判旨
共謀共同正犯において、相被告人の自白を被告人の自白の補強証拠とすることは、憲法38条3項に違反しない。
問題の所在(論点)
相被告人の自白を、被告人の自白の補強証拠として用いることは、被告人を「自己に不利益な唯一の自白」によって有罪とすることを禁じた憲法38条3項に違反するか。
規範
憲法38条3項及び刑訴法319条2項が定める自白の補強法則において、共犯者(相被告人)の自白は、被告人自身の自白から独立した証拠価値を有する。したがって、相被告人の自白を被告人の自白の補強証拠として、犯罪事実を認定することは許容される。
重要事実
被告人および相被告人Aは、共謀による犯罪事実について第一審の公判でそれぞれ自白した。原判決は、証拠として挙げられた第一審公判調書中の被告人と相被告人A両名の供述記載に基づき、互いの自白を補強し合う形で犯罪事実を認定した。これに対し、被告人側は「被告人の自白のみを唯一の証拠として有罪としたものであり違憲である」と主張して上告した。
あてはめ
本件において、原審は被告人の供述だけでなく、相被告人Aの供述をも証拠として挙示している。相被告人の自白は被告人の自白とは別個の証拠であり、これらを相互に補強証拠として用いることは可能である。したがって、本件判決は被告人の自白のみを唯一の証拠として有罪を言い渡したものではない。これは、相被告人の自白を補強証拠とすることが違憲でないとした大法廷判決の趣旨に合致する。
結論
相被告人の自白を補強証拠として犯罪事実を認定することは憲法に違反しない。したがって、上告は棄却される。
実務上の射程
自白の補強法則に関する基本判例である。共同正犯間の自白を相互に補強証拠とできることを明確にしており、実務上、共犯事件での立証において極めて重要な指針となる。答案上は、補強法則の「実質的根拠(誤判の防止)」に言及しつつ、共犯者の供述が被告人の自白から独立した証拠となり得ることを論証する際に引用する。

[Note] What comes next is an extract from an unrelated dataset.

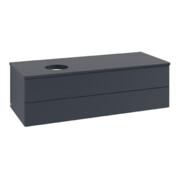 V&B Waschtischunterschrank mit Frontstruktur Antao 120x36x50cm, WBP-farbe Lac, md bl. m Lac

事件番号: 昭和28(あ)31 / 裁判年月日: 昭和28年6月25日 / 結論: 棄却
【結論(判旨の要点)】共同被告人の自白は、他の共同被告人の自白を補強する証拠(補強証拠)となり得る。この判断は憲法38条3項の解釈として維持されるべきである。 第1 事案の概要:被告人とその共同被告人が関与した刑事事件において、被告人が自白をしている状況下で、その内容を裏付ける証拠として共同被告人の自白が用いられた。弁…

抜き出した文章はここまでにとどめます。